# lucy lucy lucy!!



## LUCYS (Dec 22, 2009)

hello all!!!im new to this site and have been looking around for the best looking python..i think its got to be the black eyed lucy..but obv the prices are quite steep..seems as its the credit crunch n all 

so i was looking to make my own..

i dont mind a blue eyed or black eyed 

is there a best one??

and was wondering whats the best crossing to achieve the result

fire x fire black eyed lucy

mojave x lesser blue eyed 

are these the best combos to achieve the results??

thanks.


----------



## nicole horsell (Aug 31, 2008)

yes with the blackeyed with blue i would go with butter x lesser as you would get them when you put a male bel with a normal girl later on.
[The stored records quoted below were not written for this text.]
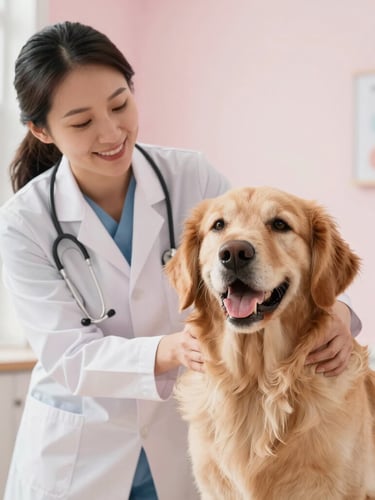 A smiling female veterinarian gently examining a happy golden retriever dog in a bright pastel-colored clinic, soft natural daylight, warm editorial style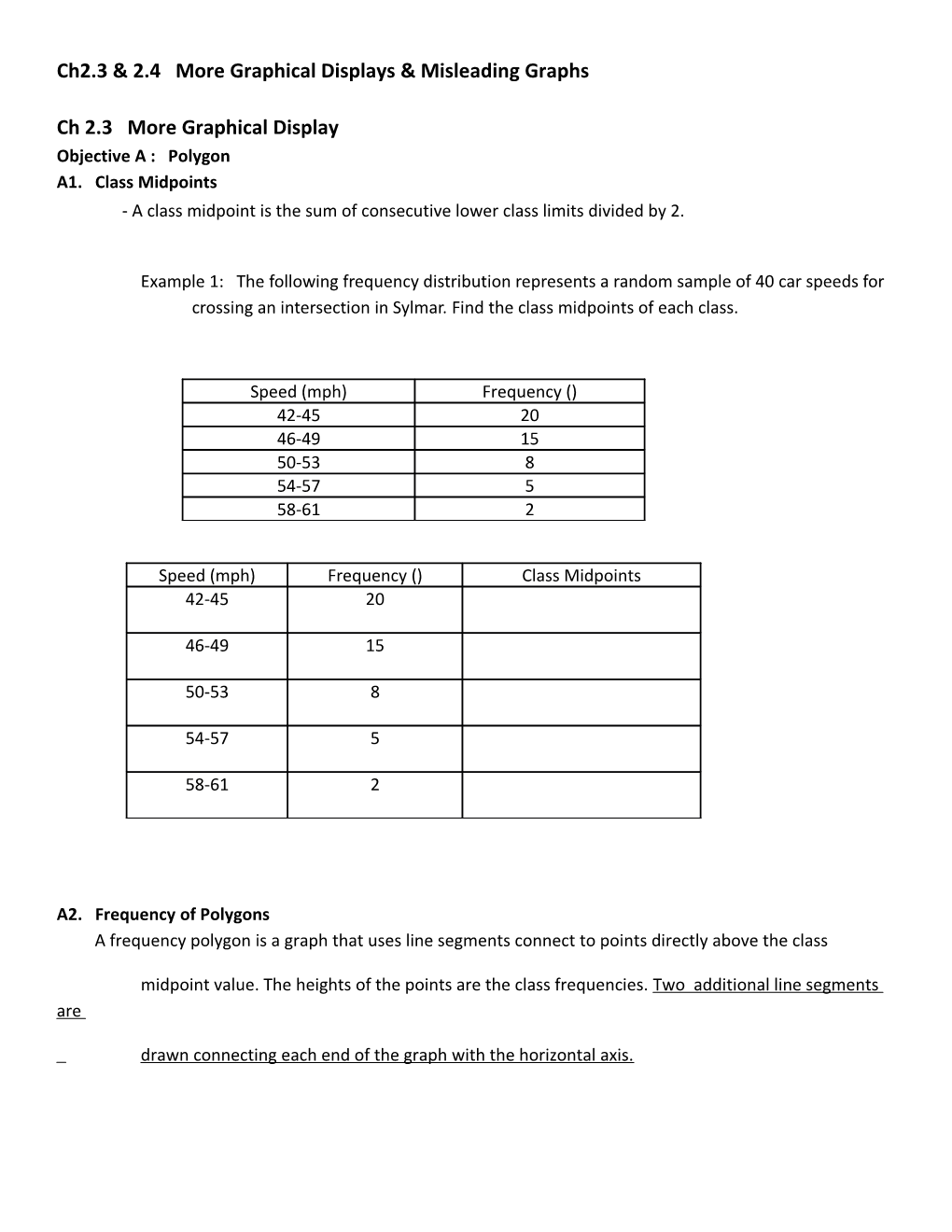 Ch2.3 & 2.4 More Graphical Displays & Misleading Graphs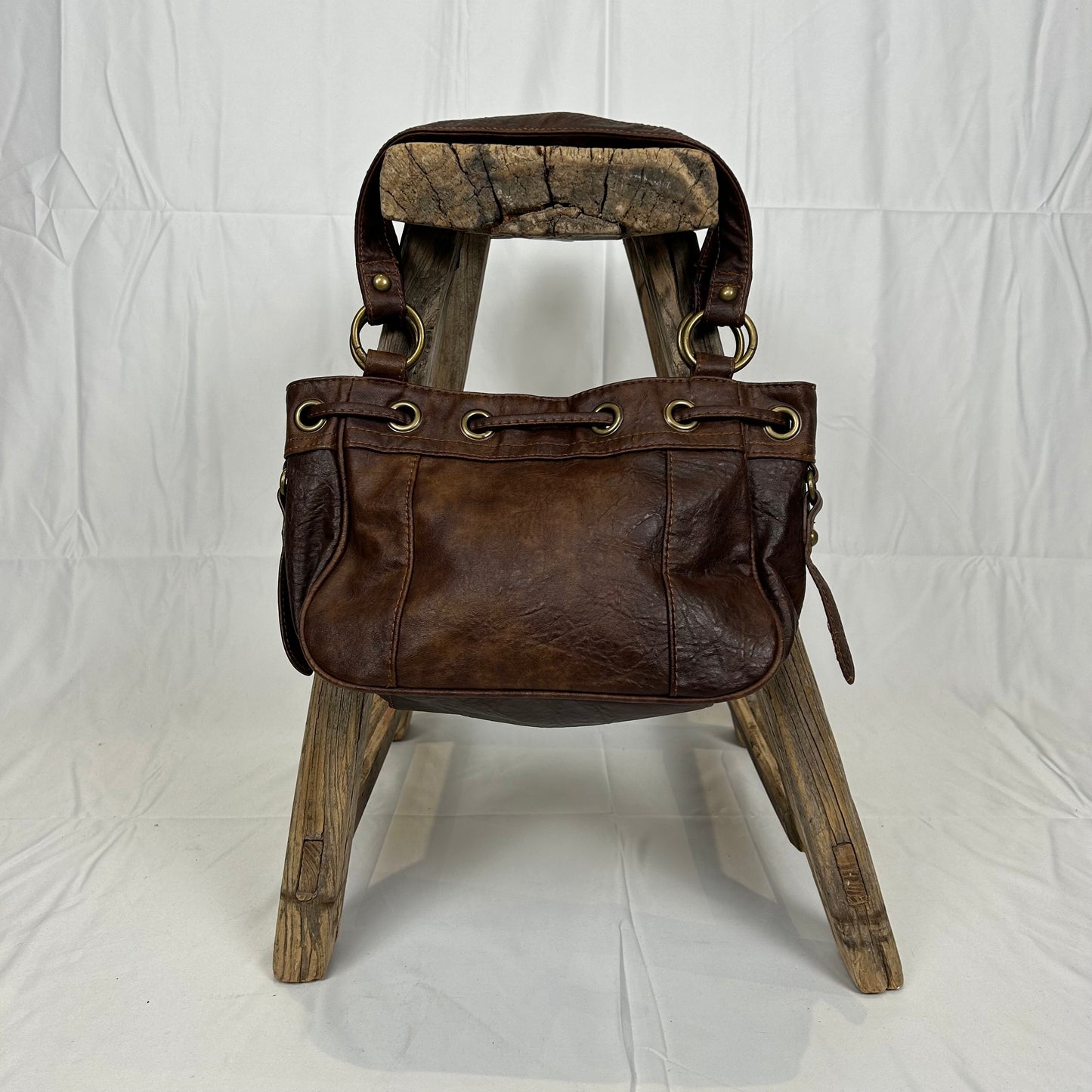 Vintage y2k style brown faux leather shoulder bag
i perfer blacks than blues myself

as for the best blue people will say vin russo het white diamond but ive never seen 1 so cant comment on them


----------



## jnr (Jan 1, 2009)

I prefer the lesser x lesser imo its cleaner than the mojave leucy


----------



## alan1 (Nov 11, 2008)

imo, lesser IS butter, and vice versa

lesser x lesser gives the best blue eyed lucys (vin russo hets are hard to get hold of)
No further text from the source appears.